Failed drive

Status
Not open for further replies.

PerryM

Dabbler
Joined
Aug 8, 2013
Messages
32
Nightmare! I am a rather ignorant old-timer so treat me gently!
I have a 5 drive FreeNAS system with ZFS and a single drive redundancy. I decided to replace one drive due to increased errors. I took it off line (as per manual) and proceeded to replace it with a new drive. On rebooting, it transpired that one of the other drives had failed completely during the change. I have thus replaced this with the 'error' drive, and thus should have 4/5 of the original data, but not in the original ATA slots.
What do I need to do to get the volumes restored? I am on FreeNAS-9.3-STABLE-201605170422 version.
Fingers crossed!
 

philhu

Patron
Joined
May 17, 2016
Messages
258
The slots do not matter in the least
If the second drive errored while rebuilding the first, I think you are toast as you were down to raid0 equiv and the next drive died during rebuild, causing raid failure

Did you boot the system? In shell try: zpool status

Due to disk sizes, raid1 or raidz1 are NOT recommended. As you found out. loss of a drive during rebuild *IS* a very big problem, and really has a 35% chance on a 4tb drive of occurring.

Doing raidz2 is a pretty cheap way to keep your data.

I do 24 disks, broken into 2 vdevs using raidz3 on each, under one volume. My backup is an lt04 tape system runningt bacula in a freebsd jail
 

PerryM

Dabbler
Joined
Aug 8, 2013
Messages
32
The slots do not matter in the least
If the second drive errored while rebuilding the first, I think you are toast as you were down to raid0 equiv and the next drive died during rebuild, causing raid failure

Did you boot the system? In shell try: zpool status
The drive failed during the changeover - when I rebooted I immediately noticed that I only had 4 drives on line. Can I thus assume that it would not have started a rebuild?
Having replaced the failed drive with the original 'error' drive, I have the 5 drives back on line but the system is showing no sign of rebuilding. The master volume is saying: "Error getting available space" in the GUI.
The answer to zpool status is:
Code:
pool: freenas-boot
state: ONLINE
scan: scrub repaired 0 in 0h17m with 0 errors onThu Augf 4 04:02:21 2016
config:
NAME            STATE           READ  WRITE  CKSUM
freenas-boot   ONLINE         0           0            0
da0p2              ONLINE        0           0            0

errors: No known data errors
 
Last edited by a moderator:

philhu

Patron
Joined
May 17, 2016
Messages
258
the only pool it sees is the boot device.
 

rs225

Guru
Joined
Jun 28, 2014
Messages
878
It is far more likely you changed the wrong drive or knocked a cable loose during the change.
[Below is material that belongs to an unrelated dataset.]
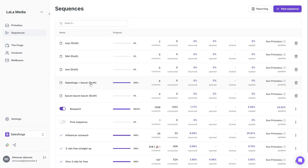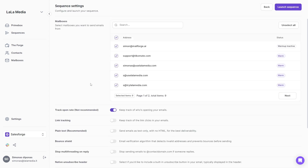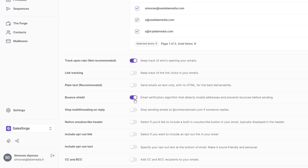Enabling this feature is super simple. Just go to your sequence settings and turn on Bounce Shield. That's done. Now Salesforce will double-check each email address before you contact them.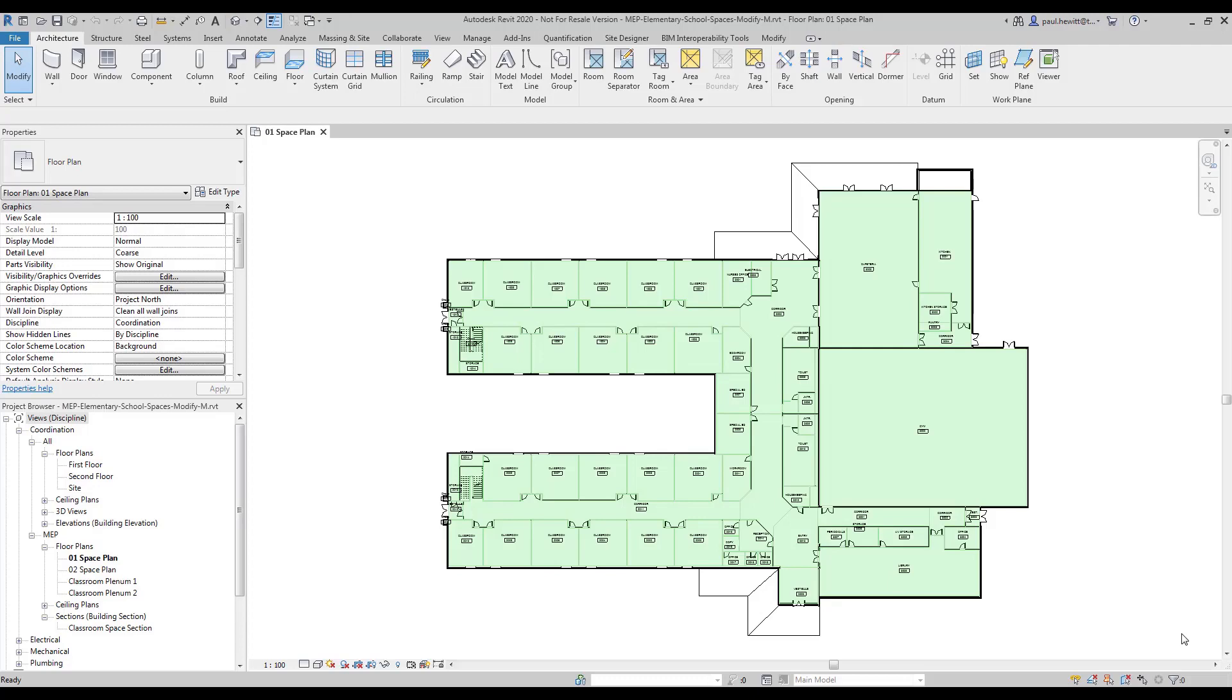In this example we're going to have a look at modifying spaces. We'll also create a plenum level and add plenum spaces and modify those spaces as well.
In the event you actually DID have a second drive fail, all you need to do is turn the system off, put the 'bad' drive back in, swap the Really Bad drive, and restart. raidz1 will not self-destruct; if there are insufficient drives available to import the pool, the pool doesn't import until you put back enough drives to operate the pool.

I am curious about the 'offline' step in the manual: I can see why you might do that for a hotswap, but for a cold swap, it seems to just create opportunity for disaster of exactly this variety.
 

PerryM

Dabbler
Joined
Aug 8, 2013
Messages
32
I appreciate your suggestions, but I definitely changed the 'right' drive, the one that I took offline. The drive that went down subsequently has failed catastrophically - it won't power up on a separate computer. I am an engineer and I don't normally believe in such coincidence - but not sure how I provoked the failure.
Just to emphasise - I essentially did what you suggested:
1) Put the 'bad' drive offline in the GUI Volume Menu, and Shut Down
2) Replaced the 'bad' drive with a brand new drive
3) Rebooted and found another (broken) drive missing
4) Replaced this drive with the 'bad' drive and rebooted to five drives again (4 with pool data)
5) No sign of any rebuilding of the volume
So to return to brass tacks - is there nothing I can do to try and restore the volume? The 'bad' drive has some bad sectors but should still have all the data, but presumably is 'still' offline. Will forcing a Scrub achieve anything?
 

philhu

Patron
Joined
May 17, 2016
Messages
258
Does your system support 'HOT-SWAP'? If not, putting the drive in the running machine or taking the old one out could cause such a problem.

If it does, then no shutdown is/was needed, just the offile, replace, etc

If it doesn't then, offline, power down, replace drive, power up, etc
 

rs225

Guru
Joined
Jun 28, 2014
Messages
878
I am glad you made no mistakes, but I was hoping you did, because it would help your situation.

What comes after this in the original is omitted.